I've been kicking this around for a while but I am a neophyte when it comes to analyzing stats.

What are the chances that the US and Mexico are drawn in groups such that they could face each other in the second round?

I was just wondering because it has happened twice in a row. Remember in France 98 had the US won their group and Mexico finished second or vice versa, they would have played each other in the round of 16. Obviously it happened in 2002.

Does it stand to reason that it won't happen because the odds are stacked against it happening three times in a row? Is there even a way to figure it out?

I don't know how it was in 94 but there was a different format in place back then. 98 was the first time there were 32 teams in the World Cup.

USA and Mexico can't be in the same group. Once one team is drawn, then the other one must be in the correct other group in order to set up a matchup.
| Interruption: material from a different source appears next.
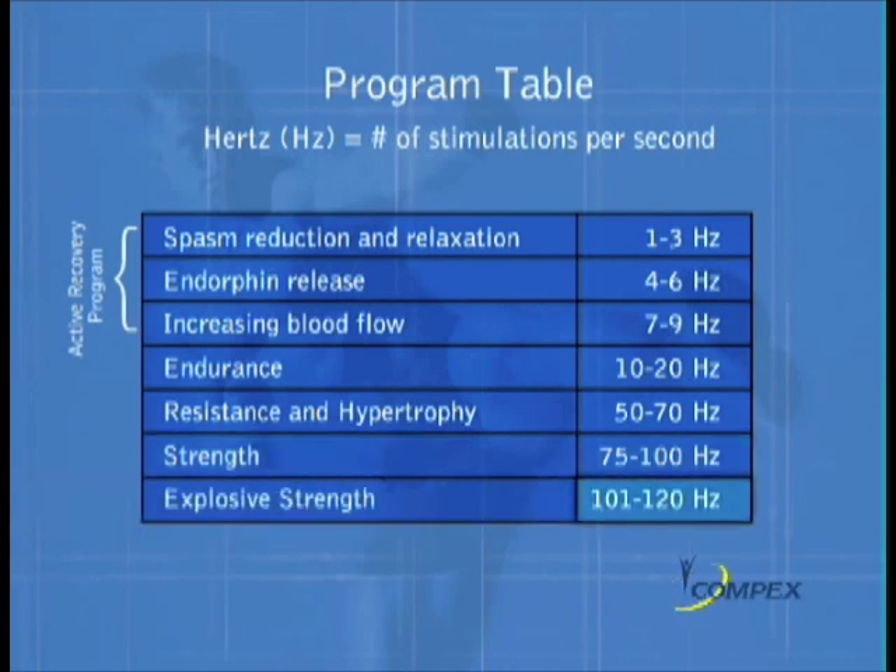Finally, from 101 to 120 hertz, the body's very fast twitch type 2b fibers are recruited for training muscle acceleration, which is the explosive strength program.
There are seven other groups, so I believe it's 1 out of 7 odds. (right?)

Well simplisticly, if we assume every team has equal chance of advancing and equal chance of advancing in 1st or 2nd place, and we know the US and Mexico won't be in the same group then:

Chance of US meeting any single specific team not in its group should it make the second round is: 1/28 (there are 28 teams outside of the US group of which one is Mexico)

Chance of US making the second round is: 1/2

So the chance of meeting Mexico given above conditions is: 1/28 * 1/2 = 1/56

If you want to factor in team quality it obviously becomes a hell of a lot more complicated.

Well simplisticly, if we assume every team has equal chance of advancing and equal chance of advancing in 1st or 2nd place, and we know the US and Mexico won't be in the same group then:

Chance of US meeting any single specific team not in its group should it make the second round is: 1/28 (there are 28 teams outside of the US group of which one is Mexico)

Chance of US making the second round is: 1/2

So the chance of meeting Mexico given above conditions is: 1/28 * 1/2 = 1/56

If you want to factor in team quality it obviously becomes a hell of a lot more complicated.

Slightly less simplistically, let's say that there is a 50% chance that both the U.S. and Mexico advance. That's probably a bit optimistic but hey, we're CONCACAF homers, right?

Then, the odds are 1/2 x 1/14 = just under 4% for a first round match-up. 46% of the time they each play in first round but don't meet, 50% the whole exercise is moot because one or the other fail to advance out of the pool.

Again being optimistic let's say that if they don't meet, each has a 50% chance of advancing from the first round. So in the second round, then we would have that 46% chance x 25% chance (both advancing) x 1/7th chance = another 2% chance of meeting in the second round. So we're up to 6% overall. If I repeat the exercise for the semis & finals, I guess we'd get up to 7% to 8% in total, using these fairly generous assumptions.

You guys are thinking too much. He simply wanted to know the probably of being drawn in the groups that could make that matchup possible.

Thanks for the info.

Myself, I think that the odds would be against the US and Mexico meeting each other so soon because it has happened twice in a row already. But does that have any bearing? And does the fact that Mexico could get a seed have any affect?

Since you are asking about the odds of US and Mexico being drawn into groups that will meet each other in the 2nd round (not actually meeting each other) the answer is 1/7. The fact that this happened the last two times does not change the odds at all. The fact that Mexico is a seed doesn't have any impact either.

Before the 1998 draw, the odds of the US and Mexico being drawn into such groups 3 times in a row (ignoring the qualification issue) was 1/343 (~0.3%), but since this already occurred in 1998 and 2002 (odds of 1/49) we are left with a 1/7 chance of this occurring again.

Before the 1998 draw, the odds of the US and Mexico being drawn into such groups 3 times in a row (ignoring the qualification issue) was 1/343 (~0.3%), but since this already occurred in 1998 and 2002 (odds of 1/49) we are left with a 1/7 chance of this occurring again.

Simple enough, but still a public service. It always surprises me how many people get confused by this, and assume either that the odds are higher than 1/7 or lower than 1/7 (depending upon their particular heuristic) because the draw happened to come out this way for the past 2 Cups.